The data sets that are frequently used to support the “autism epidemic” argument are often misunderstood or misinterpreted. Take, for example, what is the oft referred to “California Data.” There are many reasons to be cautious with this data. In 2002 the University of California completed their MIND study (The California Data) which had been commissioned by the California legislature. This study rose out of reasonable concern over what appeared to be a 273% increase in rates of autism. Their conclusion was that the broadening of the diagnostic criteria did not impact the rapidly rising rates.
So what was wrong with their study? They studied 2 cohorts of children with autism born in 1983-85 and 1993-95. Both groups were assessed with the same instrument (a data collecting interview), however the instrument was based on the later DSM-IV which hadn’t been around in the early 1980s and was much more inclusive. For that reason, all the children from the first cohort met the criteria as did all the children of the second. The researchers then erroneously concluded broadening the diagnosis didn’t make a difference. Complicated right? Had they reversed it and used the DSM-III criteria for both groups, then there most likely would not have been such a drastic increase.
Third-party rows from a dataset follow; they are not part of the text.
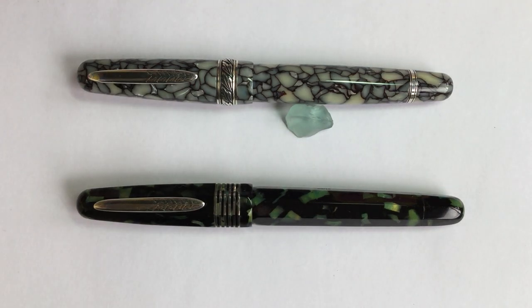Hi pen friends, this is Sarah. Today I'm going to be doing a review and comparison of the only two Stipula pens that I have in my collection. This video was requested by a subscriber, so thank you very much to everyone who has subscribed to my channel and left comments.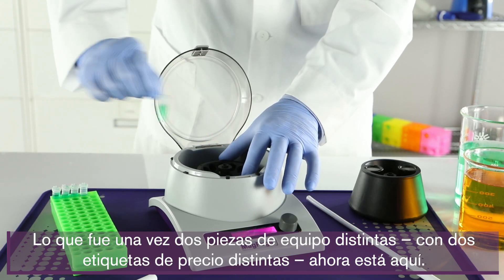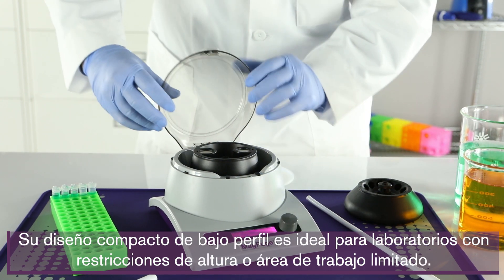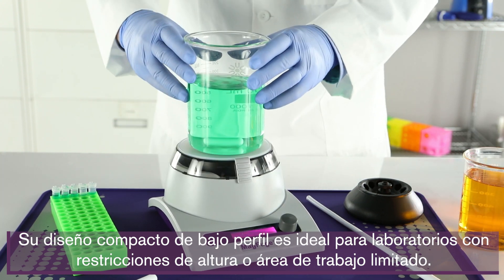What was once two distinct pieces of equipment with two distinct price tags is now all right here. Its compact low-profile design is ideal for labs with height restrictions or limited bench space.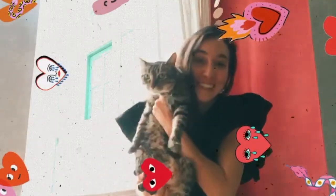Friends, we had so much fun making art with you today and I cannot wait to see how your artwork turns out. I'll see you next week. Miss you! Bye!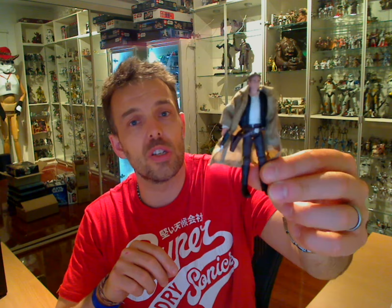Hey Star Wars fans, welcome to our FlyGuy.net figure review. We asked you on our Facebook page at facebook.com/flyguy.net what figure you wanted to see out of Clone Wars Han Solo, Endor Revenge of the Sith, and Ponda Baba. This was your number two choice, so this is what we're reviewing today.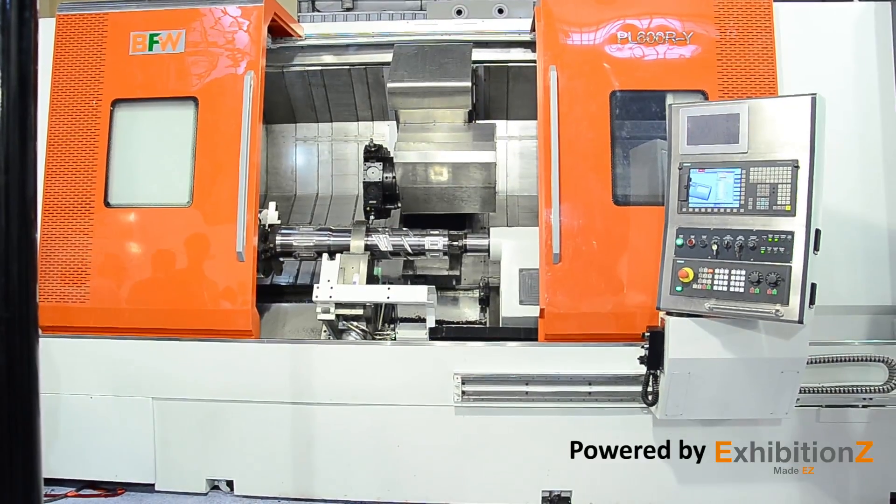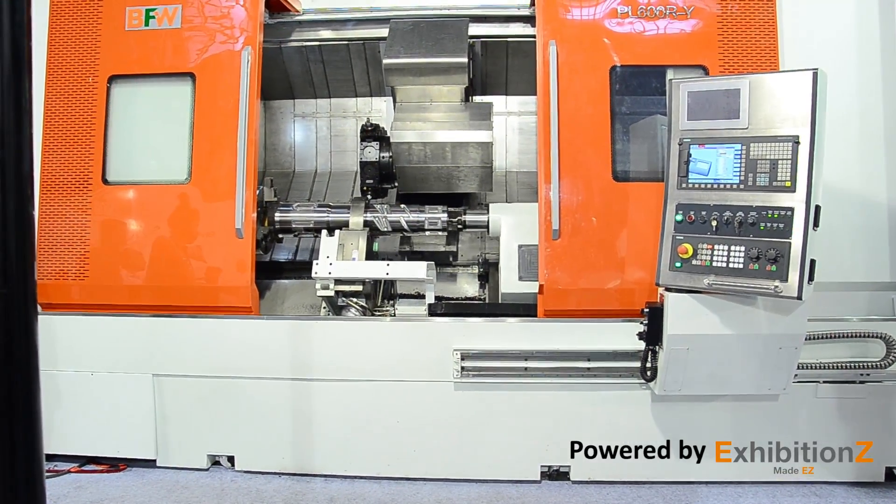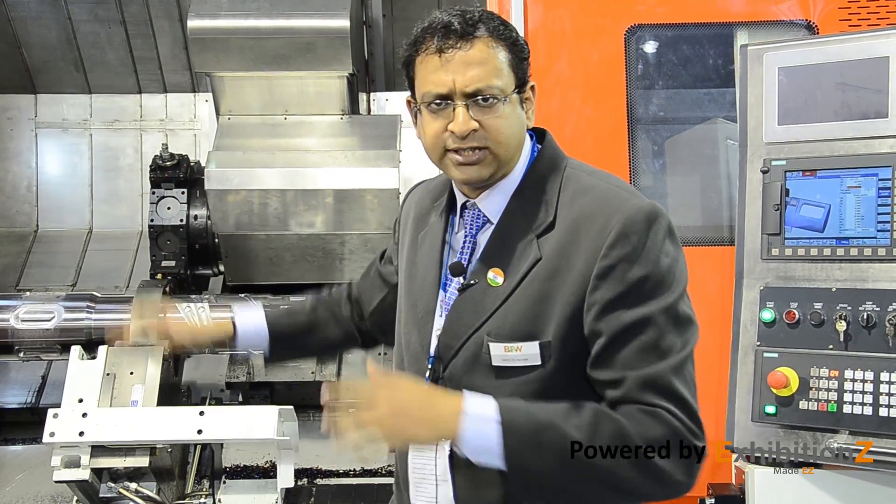The Y axis is a real and independent axis with a stroke of plus or minus 80 mm — not a virtual Y axis. This is a real Y axis. Unlike a virtual Y axis, which is caused by the interpolation of two axes as some manufacturers and competitors have implemented, this Y axis turnmill center ensures real accuracy in your components.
Let’s use weight as an example to make this a little clearer. Let’s say that in the 1980s children weighing less than 35 pounds at age 4 were considered underweight (regardless of height). Then in the 1990s we changed the criteria and say all 4-year-olds under 45 pounds are considered underweight. Would all the underweight children from the ‘80s be included in this new definition? Yes. Would there also be a significant number of children added to the underweight category by the 1990s definition? Of course. Has the actual number of underweight children increased? Depends on how you look at it. This is broadening of a diagnostic criteria.
Another data set that appears to show drastic rates of increase is the Individuals with Disabilities Education Act (IDEA) data. This is sometimes called the “Child Count” data.
A child diagnosed with autism under IDEA receives additional free education services. For some families this is an absolute godsend. Every year the Federal Government requires reporting of the number of children served by this act. This is where you will see people pulling the numbers like a 1,354% increase. The period of time where this was observed was 1991-2001. But before 1991 autism did not qualify as a reporting category. When you start reporting something new, there is going to be a dramatic increase. Increases will continue to be seen as more people become aware. States have all gradually increased their reporting at different levels and rates. For example, in the school year 2002-03, Oregon reported 4.3 children with autism per 1,000, but Colorado only reported 0.8 children per 1,000.
“Diagnostic Substitution” is another way in which autism rates are often mistakenly seen as elevated. The chart below shows rates of mental retardation decreasing at approximately the same rate that autism increases. Are there fewer children being born with what we used to call mental retardation? Probably not. Behaviors and learning disabilities that were present in order to make these diagnoses remain, we just assign them to a more specific diagnosis which is now under the ASD umbrella. This same pattern has been found in European countries as well.